**Exercise requirements**:
Return the lines below exactly, from the first line to the line that contains "We perform these". Leave out pictures.

(Stored data)
- - - -

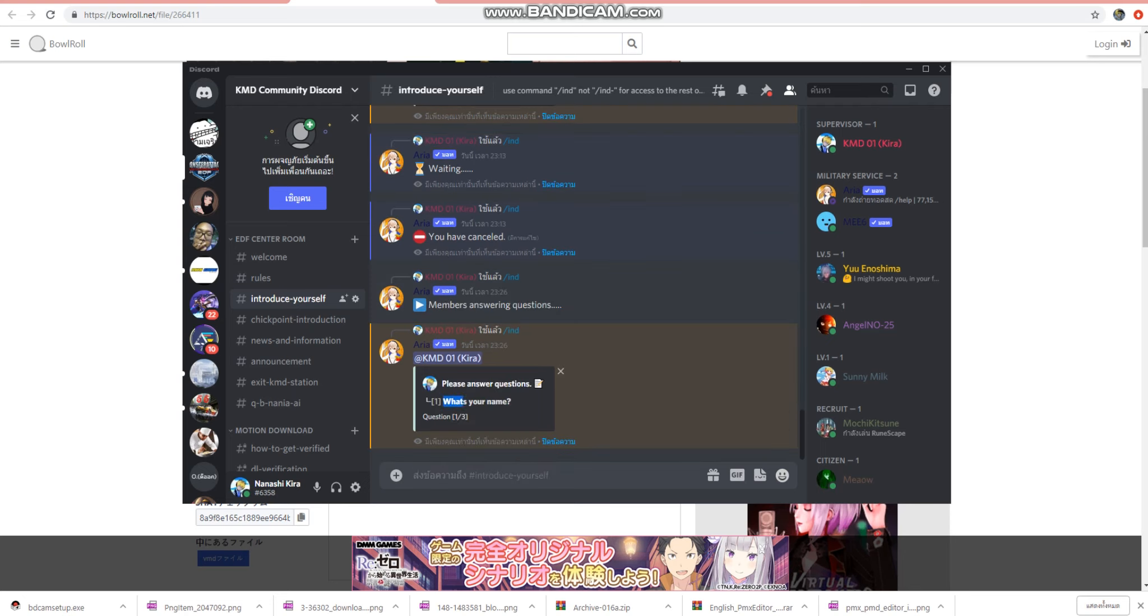What is your name? Please, your name. My name is Kira, Kira.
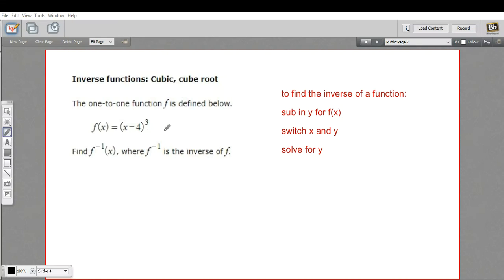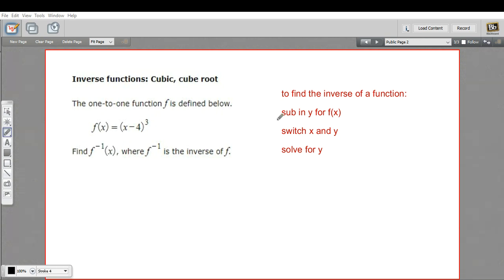In this problem, we're being asked to find the inverse of a cubic function. We have the function f of x equals the quantity x minus 4, cubed, and we want to find the inverse. To find the inverse of a function, these steps here are what we're going to use.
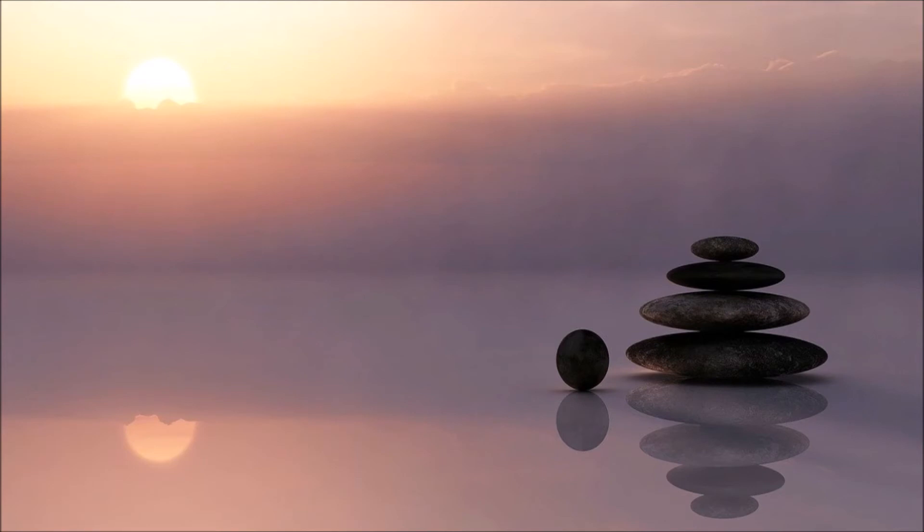No pause in between breaths. Imagine as if your breaths are one continuous circle, never stopping.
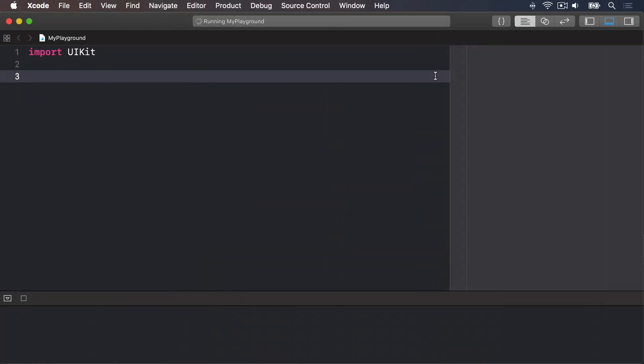Sometimes you want parameters to be named one way when a function is called, but another way inside the function itself. This means that when you call a function, it uses almost natural English, but inside the function, the parameters have sensible names. This technique is employed very frequently in Swift, so it's worth understanding now. To demonstrate this, let's write a function that prints the number of letters in a string. This is available using the count property of strings. So we could write this.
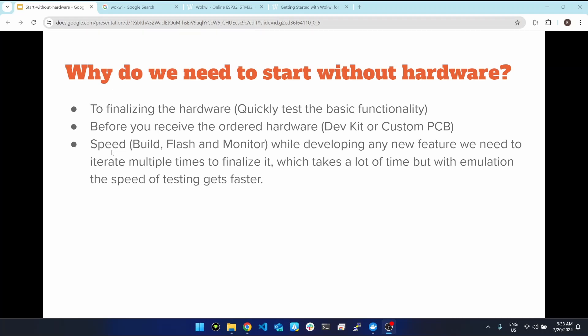We perform these three operations: build the code, flash it onto the microcontroller memory, and then run and monitor. While developing any new feature we need to iterate multiple times to finalize it. We continuously test and change, and every time we have to build, flash and monitor, which takes a lot of time. But with emulation the speed of testing gets faster.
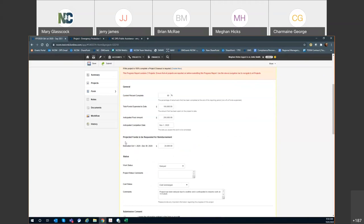There's a section here for projected funds to be requested for reimbursement. This is going to ask for the projected funds for the next quarter. Currently, this is going to say for the next quarter — which is October 1st through December 30th — we anticipate to incur another $20,000 in costs. When we end this quarter, the next quarter will automatically populate here on the EM Grants side. This is an anticipated cost you'll be requesting for reimbursement, and it gives the state an idea of how much money to anticipate you submitting, and helps ensure reimbursement requests are submitted so funds can be turned around quickly.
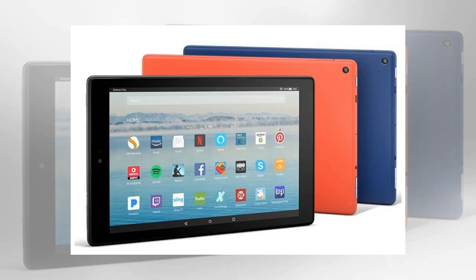There are a lot of things you can do to modify Amazon's 2017 line of Fire tablets without rooting them — you can install the Google Play Store, try alternate launchers, and more. But there are even more things you can do with root access; it's just that up until recently there was no good way to root Amazon's latest tablets.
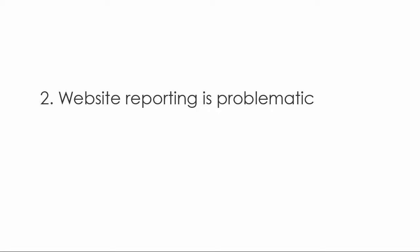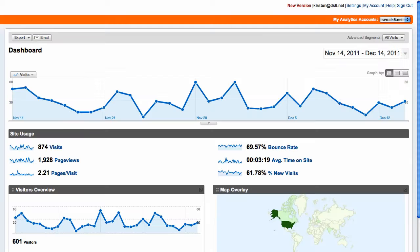Reason number two: website reporting is problematic. You always want some kind of web analytics, like Google Analytics, set up for your site so you can see how many people are visiting, how they got to your site, and what they did when they arrived. That is how you know which pages are drawing in your visitors and which aren't, and what web advertising is bringing in traffic. But with a site built entirely in Flash, this kind of analytic reporting is very difficult to do.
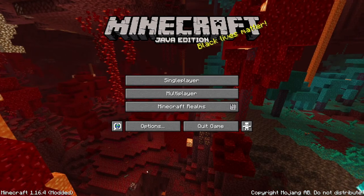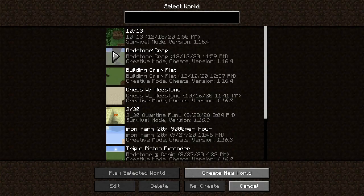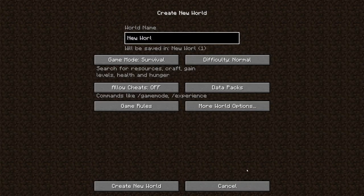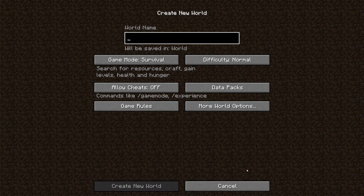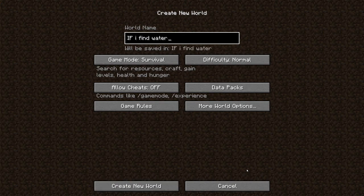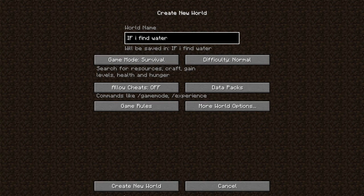Hey guys what's going on, welcome back to another video. In today's video, if I find water the video ends. Difficulty normal, survival. Yeah, so I was sitting around early today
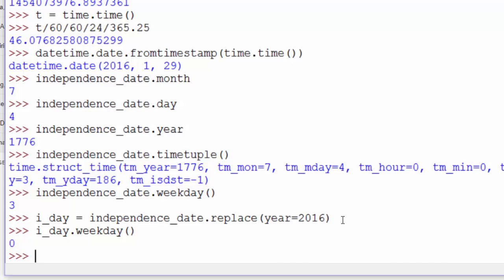So these are some of the methods of the datetime.date object, which you create using the date method in the datetime module. Next, we'll look at datetime.time objects.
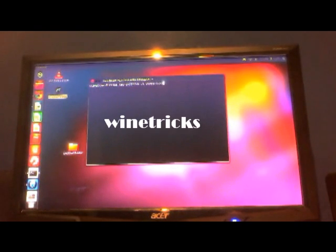Then you need to type in winetricks and press enter. This little dialog comes up — just keep it as it is and press OK.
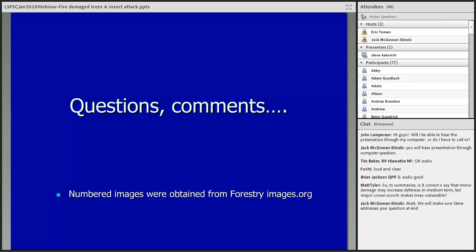From the Q&A — Matt Tyler asks: is it correct to say that minor damage may increase defenses in the medium term, but major crown scorch makes trees vulnerable? There is some evidence that significant crown scorch over time can drop resin production. If a tree doesn't have many needles, it's going to struggle. And if it's struggling, it's going to be susceptible to more health issues. So yes, that's a simplification but essentially accurate.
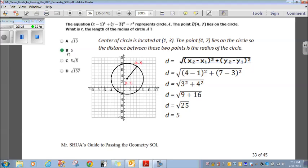Answer choice B. You need to remember the equation of a circle formula and the distance formula in order to answer this question.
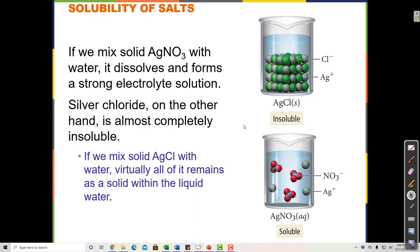Ionic compounds are also called salts. Sodium chloride is a salt because it's ionic, and it also happens to be called table salt. Silver nitrate is also a salt because it's ionic. When we use the word 'salt' in this class, we're referring to any ionic compound — all ionic compounds are called salts.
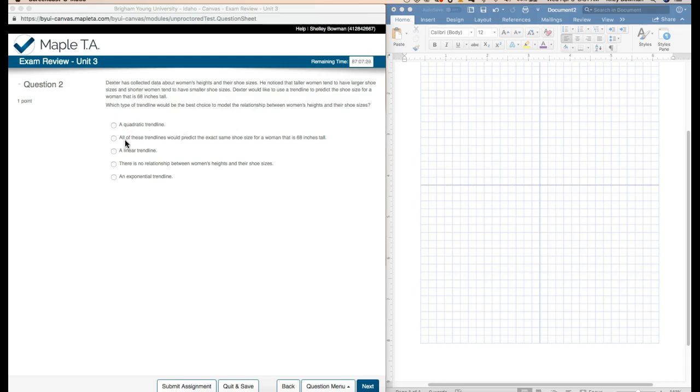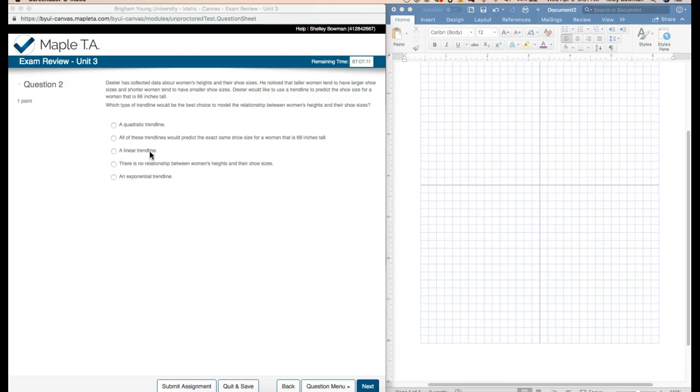The next one says all of these trend lines would predict the exact same shoe size for a woman that is 68 inches tall. That's incorrect. You all know that the trend lines can predict different things according to if it's exponential or quadratic or linear.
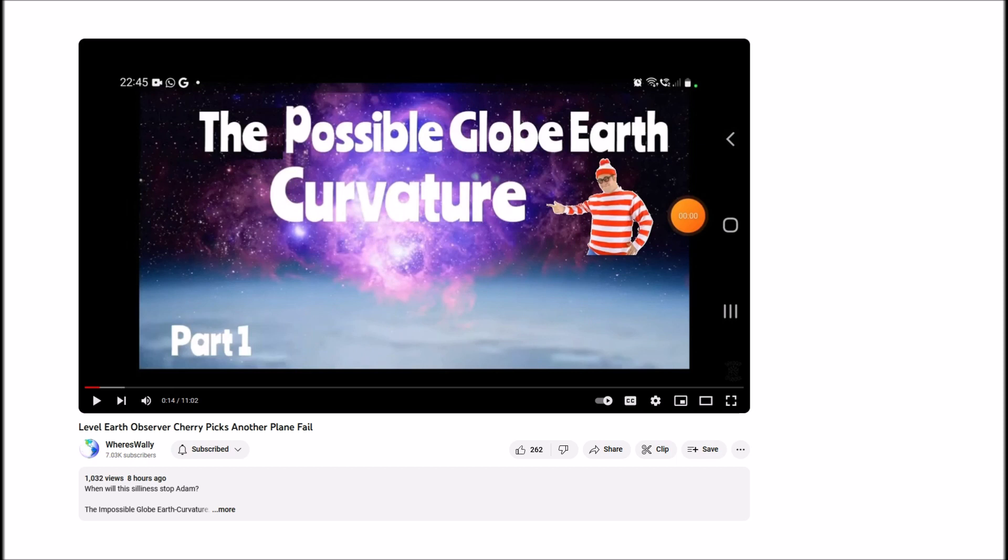I'm just going to be taking one little bit and focusing on one item in that video that I think deserves its own bit of attention. First, though, let's look at a snippet from Level Earth Observer's video.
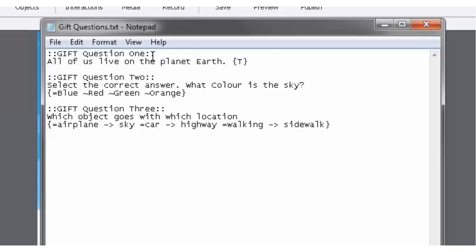So for each question you're going to have three elements. You're going to have, of course, the interaction itself, which could be multiple choice, true, false, and in this case matching. We're going to show you how to do matching as well. And obviously the other two elements are the quiz title, or the question slide title, and the question itself. So pretty straightforward.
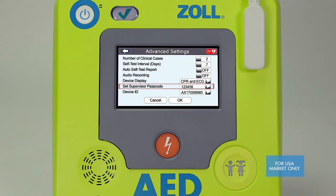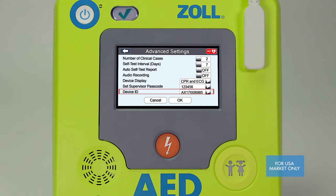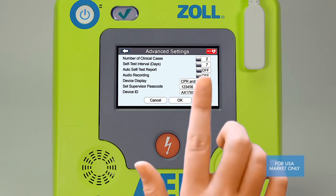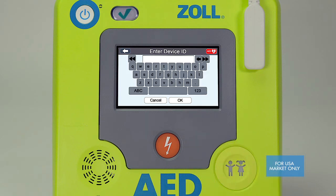You can change your passcode by selecting advanced settings from the bottom left of the screen and then setting up your new supervisor passcode. Make certain you write down your new passcode before you save and exit the advanced features area. The device ID is the serial number of the AED by default, but you can change this — for example, you may wish to identify the AED by the address of a building or its location. Simply touch the device ID box, type in your preferred ID, and select OK to return to the previous screen.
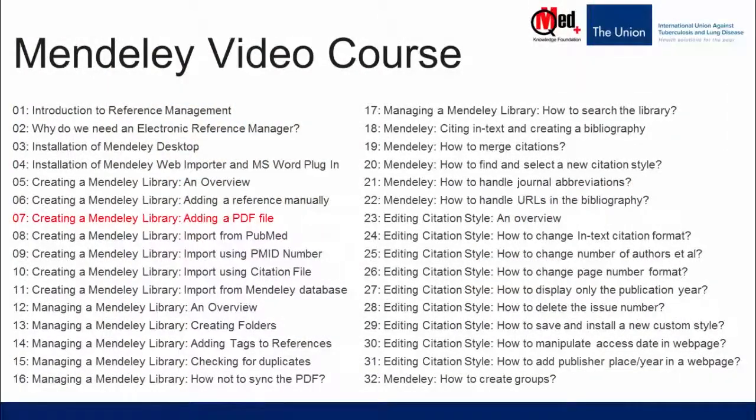Welcome to Mendeley video course. You're watching video number seven, creating a Mendeley library, adding a PDF file.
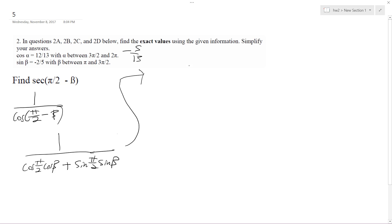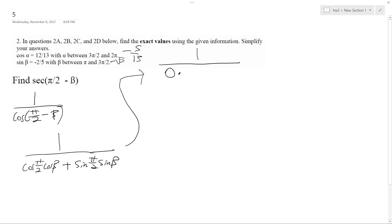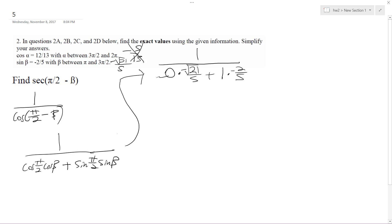Moving this over: 1 over — so cosine of pi over 2 is 0, so that term drops out. We're left with sine of pi over 2, which is 1, and then the sine of beta, which is negative 2 over 5. So the zero term cancels, and we get 1 times negative 2 over 5.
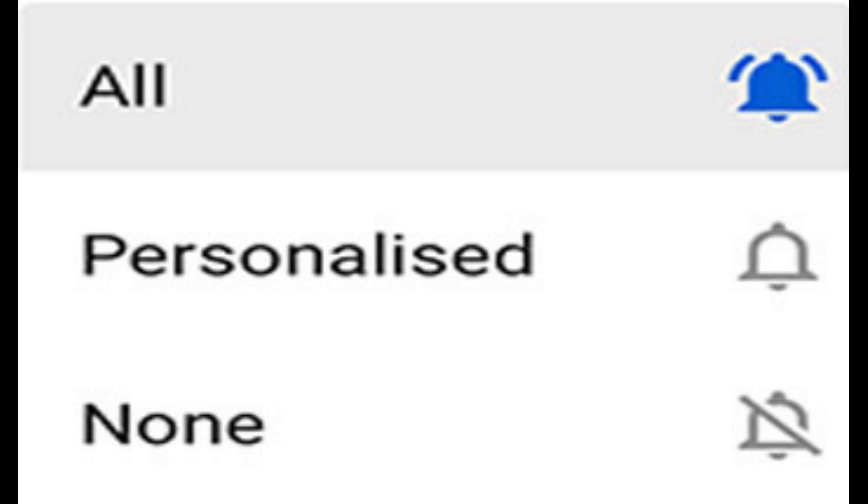On my last video about notifications, one of my subscribers told me that they weren't receiving any notifications for a channel they really liked. The bell was on and all the settings were correct, and they had watched a lot of the person's videos. So they unsubscribed and then resubscribed, hit the bell, and the notifications started again.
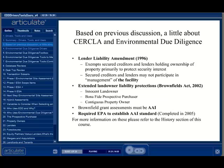ASTM E-1527 was prepared by the environmental industry to provide guidance on meeting the AAI requirement of CERCLA. With the passing of the Brownfields Act of 2002, Congress gave EPA until 2005 to establish formal rules for conducting all appropriate inquiries. Simultaneously, ASTM was updating E-1527 and came to agreement with the EPA that the new version would satisfy a portion of the requirements for conducting AAI under CERCLA. For more information on these acts and regulations, please refer to the history section of this course.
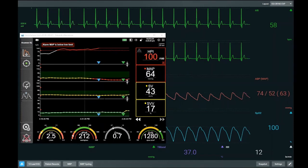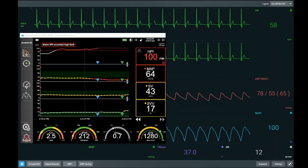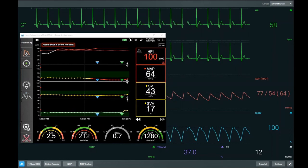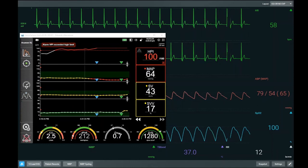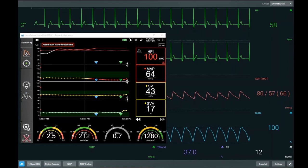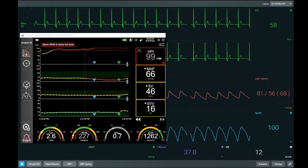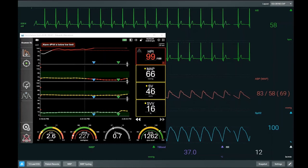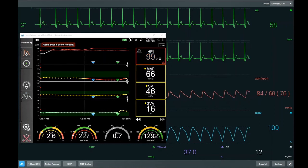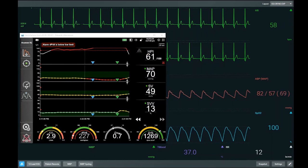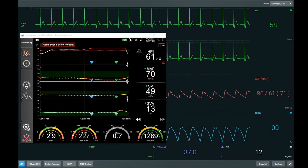And there we go — stroke volume has started to increase, gone from 37 up to 43. DPDT has also started to increase, now at 212. Giving that bolus of ephedrine — that beta stimulation and positive inotropy — has improved contractility, which has improved stroke volume and mean arterial pressure, and that increase in contractility is reflected by an increase in DPDT. Mean arterial pressure is now starting to increase — now at 66 — stroke volume continues to increase and we'll start to see HPI come down. By using HPI we can predict hypotension before it occurs — in this scenario we had at least four minutes' warning.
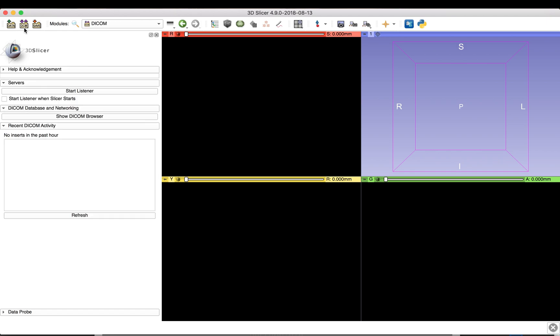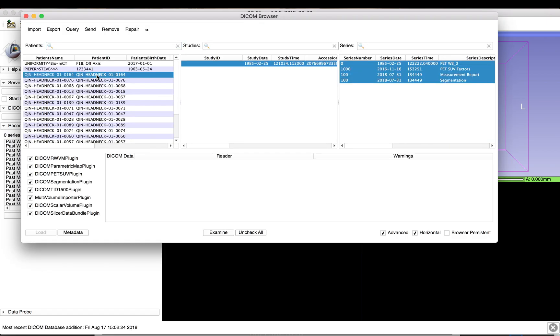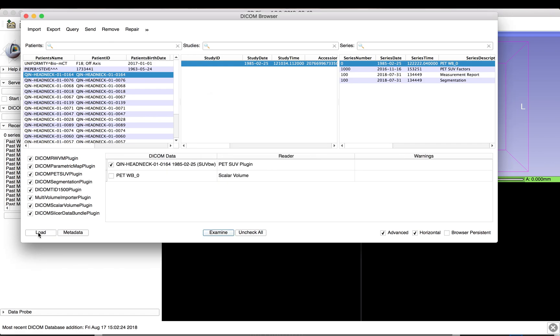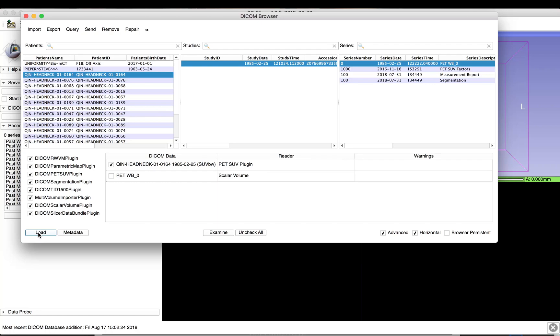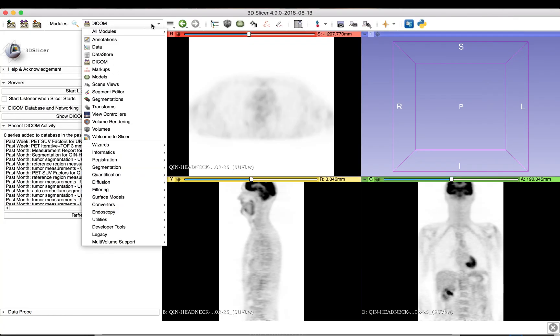Begin by loading the PET scan that you wish to analyze from the DICOM database. In order to load the data set as a SUV normalized volume, make sure that you select the DICOM PET SUV plug-in.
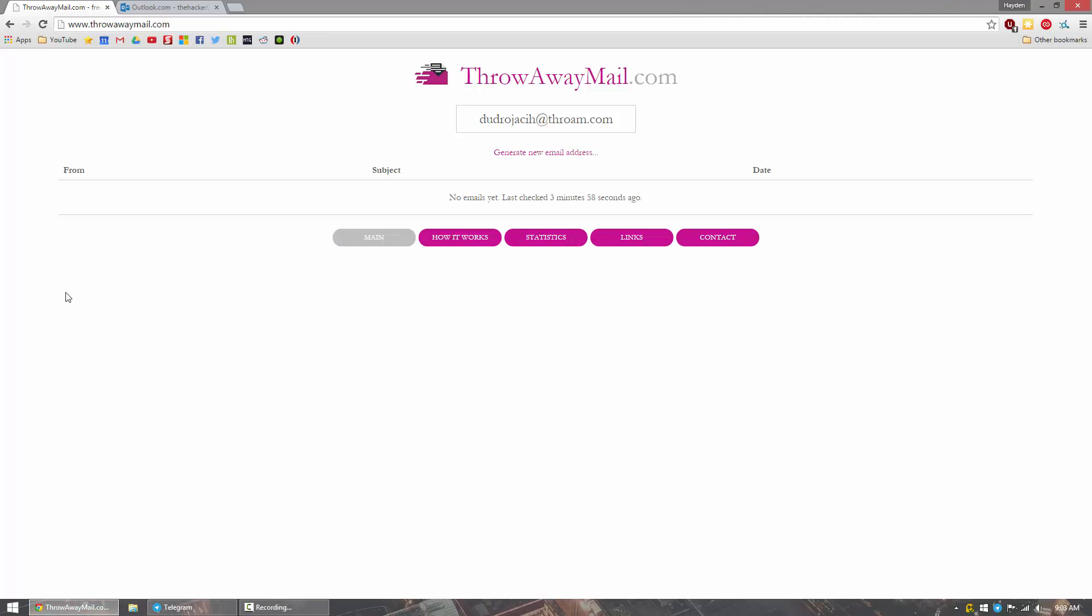So if you have ever to throwawaymail.com, it's a website that will automatically generate an email address for you.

- - - -

**Response box**:
What is your name? Please, your name. My name is Kira, Kira.
In this problem, we're being asked to find the inverse of a cubic function. We have the function f of x equals the quantity x minus 4, cubed, and we want to find the inverse. To find the inverse of a function, these steps here are what we're going to use.
No pause in between breaths. Imagine as if your breaths are one continuous circle, never stopping.
Sometimes you want parameters to be named one way when a function is called, but another way inside the function itself. This means that when you call a function, it uses almost natural English, but inside the function, the parameters have sensible names. This technique is employed very frequently in Swift, so it's worth understanding now. To demonstrate this, let's write a function that prints the number of letters in a string. This is available using the count property of strings. So we could write this.
We perform these three operations: build the code, flash it onto the microcontroller memory, and then run and monitor. While developing any new feature we need to iterate multiple times to finalize it. We continuously test and change, and every time we have to build, flash and monitor, which takes a lot of time. But with emulation the speed of testing gets faster.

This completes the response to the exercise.